Triet juega con la imagen como artificio. ¿Es realmente lo que vemos lo que ha sucedido? ¿O es más bien lo narrado lo que sí pasó? Me parece que, dentro de su película, Triet adicionalmente presenta incluso la opción de la imaginación del público como un tercer factor. La suposición cuenta con un papel clave para el descifrado del juicio, –e incluso más allá de este– para las relaciones entre los personajes. Lo cual también añade un elemento más de complejidad, ya que a Samuel, uno de los personajes principales, nunca lo vemos con vida en pantalla, su presencia se reduce a relatos de terceros claramente afectados por un punto de vista sesgado, dejando en nuestras manos la responsabilidad de construir a su persona casi por completo y decidir por nosotros mismos.

Anatomy of a Fall entonces podría entenderse como una acumulación de pistas a disposición del espectador para intentar armar un rompecabezas de la verdad. Otro componente que le aporta muchísimo a esta complejidad enmarañada de posibilidades es Sandra Hüller. La actriz alemana interpreta a la protagonista con una ambivalencia impecable, podemos despreciarla por completo e inmediatamente sentir una tremenda compasión por ella, y además es por medio de pequeñísimos gestos y manierismos casi imperceptibles que Hüller nos controla con absoluta maestría, dejándonos con una actuación verdaderamente memorable que acentúa todavía más el misterio de lo que realmente sucedió.

A pesar de que en varias ocasiones el guion parece tener un bote salvavidas al alcance para poder descansar por un momento de su homérica tarea de existir exclusivamente en las tinieblas de lo incierto, decide con singular valentía y determinación permanecer a la deriva, y no ceder ni un centímetro en la carrera por descubrir la verdad. Se mantiene neutral a pesar de la tentación de las convenciones narrativas que la propia naturaleza de su historia presenta.

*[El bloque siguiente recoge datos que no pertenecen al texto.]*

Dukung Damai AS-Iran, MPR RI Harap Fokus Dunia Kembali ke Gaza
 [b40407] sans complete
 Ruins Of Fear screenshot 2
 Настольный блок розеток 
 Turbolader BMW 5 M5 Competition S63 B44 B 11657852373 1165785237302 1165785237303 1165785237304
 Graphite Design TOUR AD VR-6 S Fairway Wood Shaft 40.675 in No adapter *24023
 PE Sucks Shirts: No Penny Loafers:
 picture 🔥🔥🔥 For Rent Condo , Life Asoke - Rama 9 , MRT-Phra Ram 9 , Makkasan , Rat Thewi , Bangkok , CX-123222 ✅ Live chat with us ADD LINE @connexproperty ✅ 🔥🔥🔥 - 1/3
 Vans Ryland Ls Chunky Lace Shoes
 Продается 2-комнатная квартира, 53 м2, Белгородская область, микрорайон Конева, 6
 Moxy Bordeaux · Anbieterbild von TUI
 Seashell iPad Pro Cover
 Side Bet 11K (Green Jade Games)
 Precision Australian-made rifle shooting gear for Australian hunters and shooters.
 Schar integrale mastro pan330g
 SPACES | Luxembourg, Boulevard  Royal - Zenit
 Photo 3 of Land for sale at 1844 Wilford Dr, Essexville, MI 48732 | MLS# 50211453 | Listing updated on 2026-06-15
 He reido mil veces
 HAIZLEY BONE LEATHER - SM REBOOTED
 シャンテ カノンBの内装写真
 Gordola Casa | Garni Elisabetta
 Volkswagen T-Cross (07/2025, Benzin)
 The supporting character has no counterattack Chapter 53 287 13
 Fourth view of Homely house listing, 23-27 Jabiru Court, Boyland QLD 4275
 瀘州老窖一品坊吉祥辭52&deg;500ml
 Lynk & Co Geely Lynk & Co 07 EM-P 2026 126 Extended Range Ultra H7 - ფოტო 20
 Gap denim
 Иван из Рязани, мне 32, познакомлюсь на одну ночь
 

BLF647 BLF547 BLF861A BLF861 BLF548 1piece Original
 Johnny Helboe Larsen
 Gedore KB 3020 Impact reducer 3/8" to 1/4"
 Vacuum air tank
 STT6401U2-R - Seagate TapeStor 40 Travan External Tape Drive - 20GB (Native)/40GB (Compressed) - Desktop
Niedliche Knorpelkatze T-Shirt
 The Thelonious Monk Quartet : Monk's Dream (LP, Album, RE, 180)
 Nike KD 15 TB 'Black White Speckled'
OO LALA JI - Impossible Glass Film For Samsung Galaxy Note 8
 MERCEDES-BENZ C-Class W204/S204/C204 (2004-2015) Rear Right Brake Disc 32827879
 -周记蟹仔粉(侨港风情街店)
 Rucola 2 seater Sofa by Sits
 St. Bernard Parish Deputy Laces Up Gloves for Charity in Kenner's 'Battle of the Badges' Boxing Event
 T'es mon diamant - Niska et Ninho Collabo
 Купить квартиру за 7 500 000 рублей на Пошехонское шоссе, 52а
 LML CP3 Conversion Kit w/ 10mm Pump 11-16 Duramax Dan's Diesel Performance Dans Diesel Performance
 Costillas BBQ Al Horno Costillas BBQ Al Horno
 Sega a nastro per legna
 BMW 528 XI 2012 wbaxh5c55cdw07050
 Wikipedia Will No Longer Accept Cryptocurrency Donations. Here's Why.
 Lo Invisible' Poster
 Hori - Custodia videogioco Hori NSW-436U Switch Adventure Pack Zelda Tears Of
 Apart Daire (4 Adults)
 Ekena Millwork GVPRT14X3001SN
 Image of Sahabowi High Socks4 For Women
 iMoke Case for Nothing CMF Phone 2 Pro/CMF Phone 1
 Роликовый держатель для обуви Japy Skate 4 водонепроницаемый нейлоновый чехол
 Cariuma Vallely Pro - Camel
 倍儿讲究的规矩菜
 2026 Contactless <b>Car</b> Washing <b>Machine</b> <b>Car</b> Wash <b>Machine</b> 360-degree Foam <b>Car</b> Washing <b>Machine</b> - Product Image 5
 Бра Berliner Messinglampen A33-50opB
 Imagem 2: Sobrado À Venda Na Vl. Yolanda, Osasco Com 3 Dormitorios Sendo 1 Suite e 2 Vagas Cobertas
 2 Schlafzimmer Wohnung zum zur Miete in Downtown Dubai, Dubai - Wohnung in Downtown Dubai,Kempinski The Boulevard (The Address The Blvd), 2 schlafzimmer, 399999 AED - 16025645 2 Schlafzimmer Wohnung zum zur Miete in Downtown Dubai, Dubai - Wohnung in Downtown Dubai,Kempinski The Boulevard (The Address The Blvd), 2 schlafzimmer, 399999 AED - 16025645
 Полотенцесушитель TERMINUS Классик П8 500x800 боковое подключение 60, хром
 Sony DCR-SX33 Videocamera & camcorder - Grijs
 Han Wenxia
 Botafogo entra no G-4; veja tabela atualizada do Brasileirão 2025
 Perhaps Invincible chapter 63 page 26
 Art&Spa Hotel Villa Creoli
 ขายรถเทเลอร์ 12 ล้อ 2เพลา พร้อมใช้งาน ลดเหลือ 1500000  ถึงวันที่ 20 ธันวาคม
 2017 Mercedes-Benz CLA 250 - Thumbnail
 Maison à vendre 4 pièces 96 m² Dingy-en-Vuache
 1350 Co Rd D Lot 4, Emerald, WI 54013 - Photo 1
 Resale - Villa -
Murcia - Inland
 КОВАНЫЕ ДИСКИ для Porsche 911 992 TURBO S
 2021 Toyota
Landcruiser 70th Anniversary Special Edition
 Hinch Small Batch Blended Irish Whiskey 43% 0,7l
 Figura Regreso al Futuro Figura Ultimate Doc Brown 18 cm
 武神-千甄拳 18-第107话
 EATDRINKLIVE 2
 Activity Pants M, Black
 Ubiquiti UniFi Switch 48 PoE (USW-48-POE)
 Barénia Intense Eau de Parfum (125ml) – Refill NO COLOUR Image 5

En resumen, la potencia del cuarto largometraje de Triet radica en su compromiso por una profunda ambigüedad que mantiene hasta su último cuadro. Una clara intención de no querer ser interpretada a partir de lo leído, sino de lo imaginado. Permitiendo abrir de esa forma un agujero casi infinito de opciones que nos ahoga y nos obliga a hacer frente a nuestra indecisión, prohibiéndonos una fácil y predecible salida por la tangente. Nos obliga a formular a partir de lo incierto. Un diálogo de la misma película la describe a la perfección: “muchas cosas aquí son improbables, pero ninguna es imposible.”